Empathie pour tout le monde. L’empathie, est-il un mot à la mode ? Une tendance ? Son rayonnement médiatique depuis 2015 révèle assurément un phénomène culturel propre à notre société des loisirs, légitimant la portée d’un regard critique.

Le terme d’empathie renvoie dans le langage courant à un phénomène souvent rendu par l’expression « se mettre à la place de quelqu’un d’autre ». L’empathique a la capacité de comprendre les émotions de la personne avec qui il échange et donc de répercuter cette compréhension sensible sur  l’interaction avec l’autre. Le sociologue et linguiste américain Ervin Goffman [seconde école de Chicago interactionniste] l’a démontré dans des ouvrages tels que « La mise en scène de la vie quotidienne » ; il s’est appuyé notamment sur le concept de « cadre »  dégagé du continuum de l’expérience vécue pour l’étudier. Ainsi Les micro-expressions, les gestes, tout ce qui a trait à la communication non verbale sont relevées. Les images photo et les vidéos servent de matériel d’analyse ; ces supports enregistrent ce qui est perceptible pendant l’interaction mais qui ne se dit pas, ne participe pas a priori à l’objet de l’échange. Comprendre un état émotionnel ne veut pas simplement dire ressentir les émotions de quelqu’un d’autre, vivre de l’intérieur ce qui n’est seulement que perçu. L’empathique identifie le cadre d’émotions de la situation dans laquelle il se trouve. Il ne se met pas dans la peau de l’autre, il établit une communication non verbale à distance de l’autre.

Depuis 2016, plusieurs évènements culturels placés se sont placés sous la bannière de l’empathie : « Soundscapes » à la National Gallery de Londres été 2015 immergeait le visiteur dans un tableau de la collection via des morceaux de musique créés pour l’occasion, « Dans la peau d’un soldat » au musée de l’armée nov. 17 janv. 18 la dernière salle propose au spectateur de vivre une simulation de terrain en guerre comme un soldat. Les dispositifs de réalité virtuelle (DRV) tiennent une place de choix dans les musées institués ou récents ils  génèrent les effets attendus : rendre l’histoire vivante. Il a été inauguré Par exemple l’été 2018 le musée de l’immersion à Paris. Les spectateurs pouvant plonger dans une peinture 3D de Klimt.
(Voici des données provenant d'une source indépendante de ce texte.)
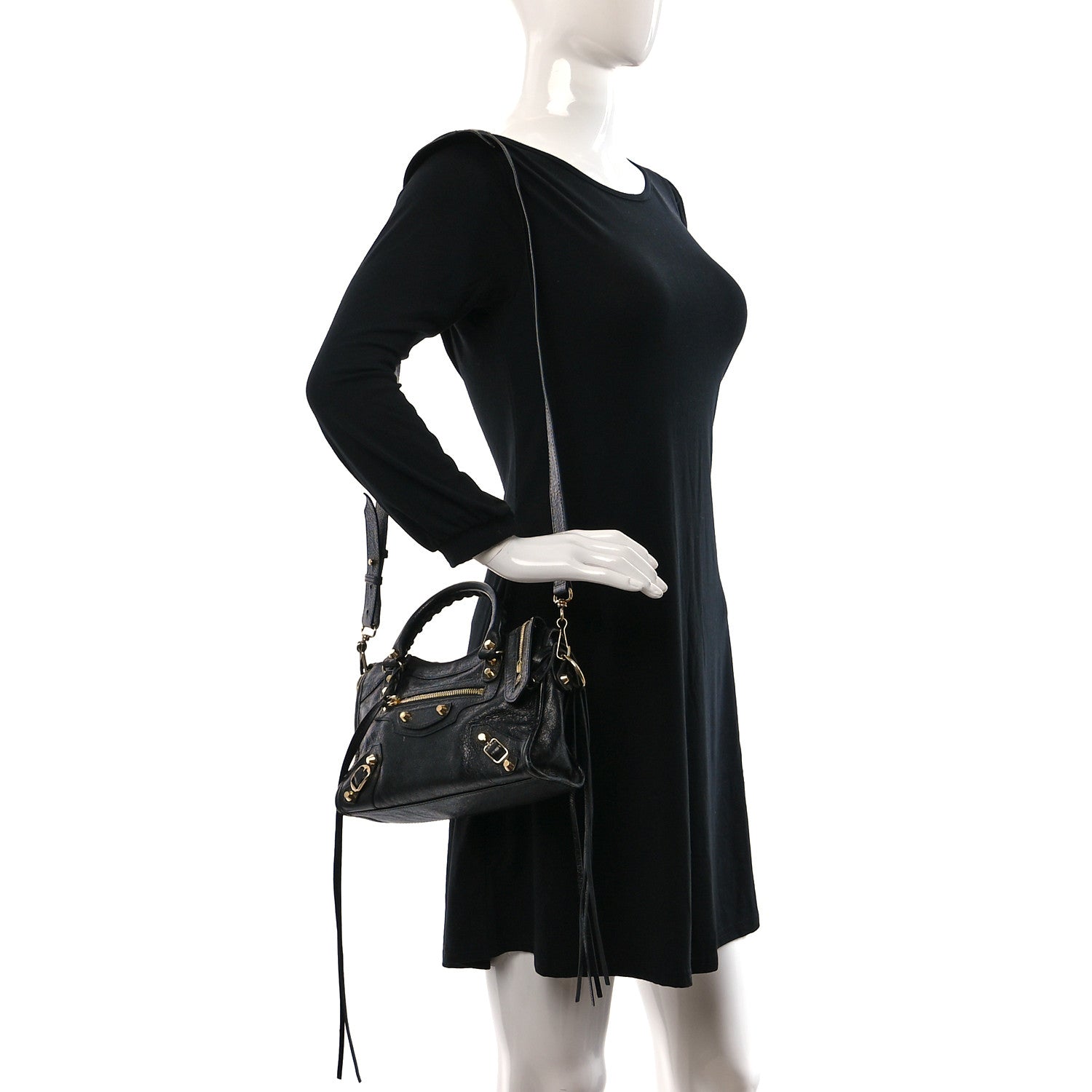 Balenciaga Agneau Classic Gold Hardware Mini City Black 2 of 14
En mettant un casque de rv, les utilisateurs ont donc la possibilité de se mettre dans la peau de quelqu’un d’autre (SDF, réfugié, paralytique, soldat, etc.) et/ou de plonger dans une atmosphère étrange/étrangère (reconstitution du pont des arts à paris, …). Cependant, ces manifestations peinent à délivrer un message, caché qu’il est, sous la promesse d’une expérience inédite. Les dispositifs immersifs engagent leurs publics et ont bien une valeur éducative. Cela dit, ils ne changent pas les expériences vécues des utilisateurs. Prenons pour exemple se mettre dans la peau d’un soldat. L’horreur de l’expérience d’un soldat en terrain hostile a certainement peu à voir avec les sons diffusés et les images projetées, collectées. Elle a à voir avec la peur et l’anxiété, le sentiment d’étrangeté ressenti sur un territoire hostile. L’utilisateur peut mettre un casque sur sa tête, être plongé dans les sons et les images d’un camp, il n’éprouvera pas ce type d’angoisses[1].

Ce serait par magie si « mon » corps fusionnait avec celui d’un soldat, chevalier, réfugié ; si je me glissais dans la peau d’un autre ; si je ressentais ses émotions. Ne nous perdons pas. Les gros titres maintiennent peut-être l’illusion en répétant les mêmes mots, mais nous nous ne tromperons pas. C’est bien une simulation, une illusion, une fiction véridique qui sous tend un dispositif virtuel fondé sur l’empathie.

Il est vrai qu’avoir de l’empathie, c’est également accepter l’altérité, c’est préfigurer un monde sans violence. L’idée est séduisante, convenons en.


[1] Paul Bloom, Against Empathy, HarperCollins, New York, 2017.